“Clímax”: uma (nova) experiência sensorial de Gaspar Noé
Onde acaba a provocação e começa o conteúdo? Terá a arte de produzir conteúdo, ou sequer conter significado ou é-lhe bastante a sua concepção per si? A crítica de Cinema, ou a sua comunidade, quase “persegue” alguns dos enfants terribles do Cinema, retirando-lhes crédito por as suas obras não acompanharem, por vezes, um significado, uma linha clara de condução. O que não conseguimos qualificar assusta-nos e, por defeito ou feitio, temos a tendência a repelir o que não entendemos.
Mas, e o que não tem de ser entendido? E a experiência vivida enquanto tal? Gaspar Noé é já um dos irredutíveis habituais neste debate, mas provavelmente terá conseguido com este Clímax o seu filme mais consensual em todos os aspectos, muito por culpa de se ter mantido longe de uma frivolidade que acompanhava Love, e se ter reaproximado da viagem que é Enter The Void.
Clímax acompanha uma espiral de loucura alucinatória de um grupo de dançarinos fechados num ginásio ao som de uma banda sonora endiabrada naquela que é, para o espectador, uma experiência sensorial, sobretudo. Uma mistura de sexo, pornografia, drogas e loucura, meticulosamente estruturadas numa coreografia apoteótica. Enquanto Irrevérsible digladiava com a sua própria estrutura (cronologia inversa, nem sempre bem conseguida por Gaspar Noé), e os filmes mais recentes levavam a debater sobre o seu próprio conteúdo, é este Clímax, um filme que de uma teórica construção leva a uma desconstrução, que retiramos a obra mais coesa do autor francês.

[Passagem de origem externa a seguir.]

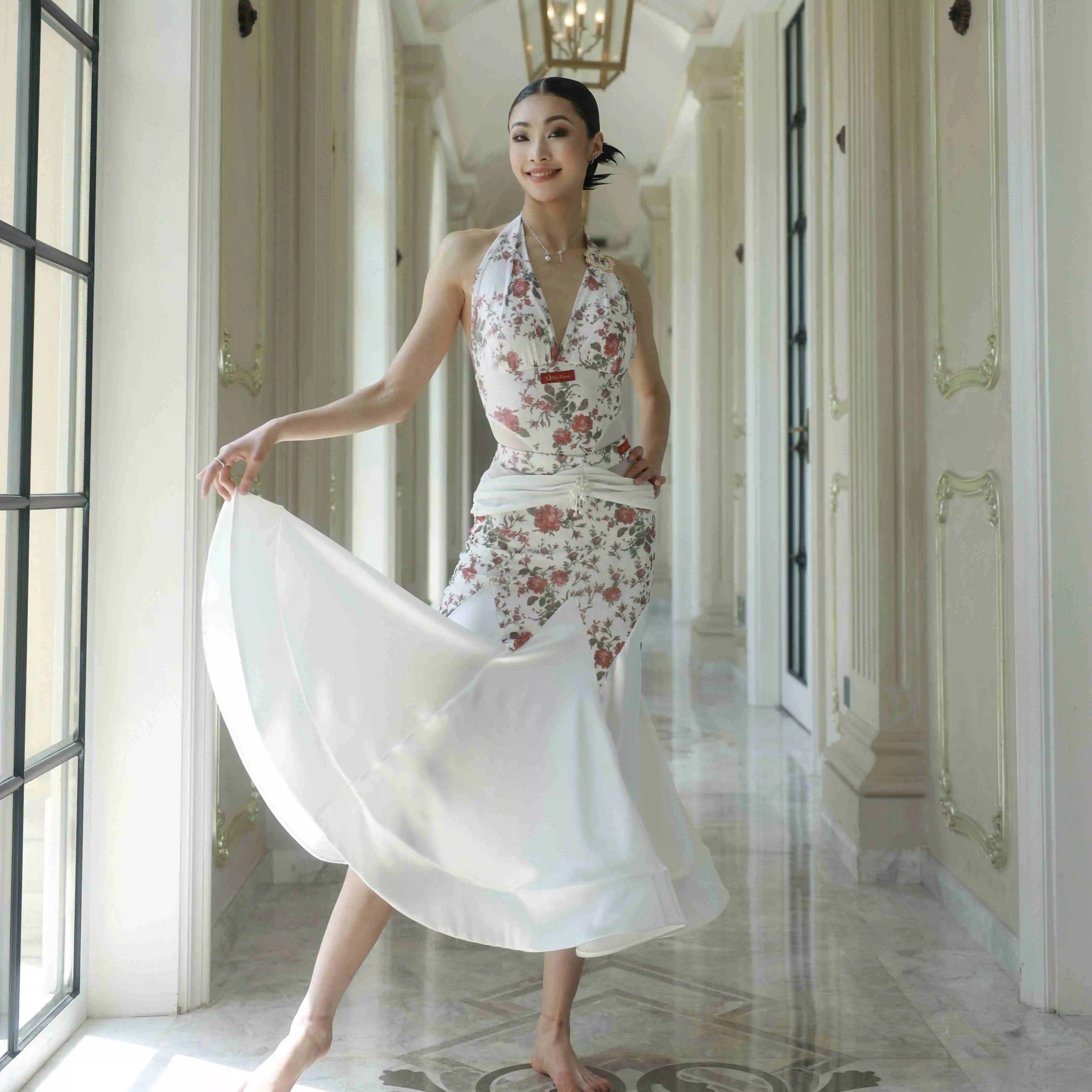 2025 ดอกไม้พิมพ์ห้องบอลรูมเต้นรําเสื้อผ้า Halter คอกระโปรงฝึกเสื้อผ้าผู้ใหญ่ Waltz เครื่องแต่งกายการแข่งขันชุด DNV23320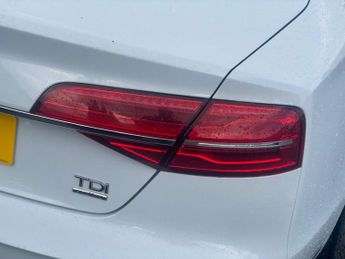 AUDI A8 3.0 TDI V6 Sport Executive Saloon 4dr Diesel Tiptronic quattro E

A história é supostamente verdadeira, mas os nomes são outros. Ocorrido em 1996, este evento onde um grupo de dançarinos se juntam para dançar, conviver e gravar descamba com LSD na sangria que servia de bebida espiritual à festa. É o mote para que à tal construção se sobreponha uma desconstrução, numa cadeia de acontecimentos que se desenrola à medida que o LSD nos toma conta do raciocínio e os instintos deixam de ser ponderados, passando ao estado primitivo. Sem qualquer filtro entre o sexo e violência, a ambição pelo contacto seja ele de forma agressiva ou apaixonada, numa quase obsessão ou de desejo de possessão, Clímax é um festim para os olhos, para os ouvidos, e para o desejo.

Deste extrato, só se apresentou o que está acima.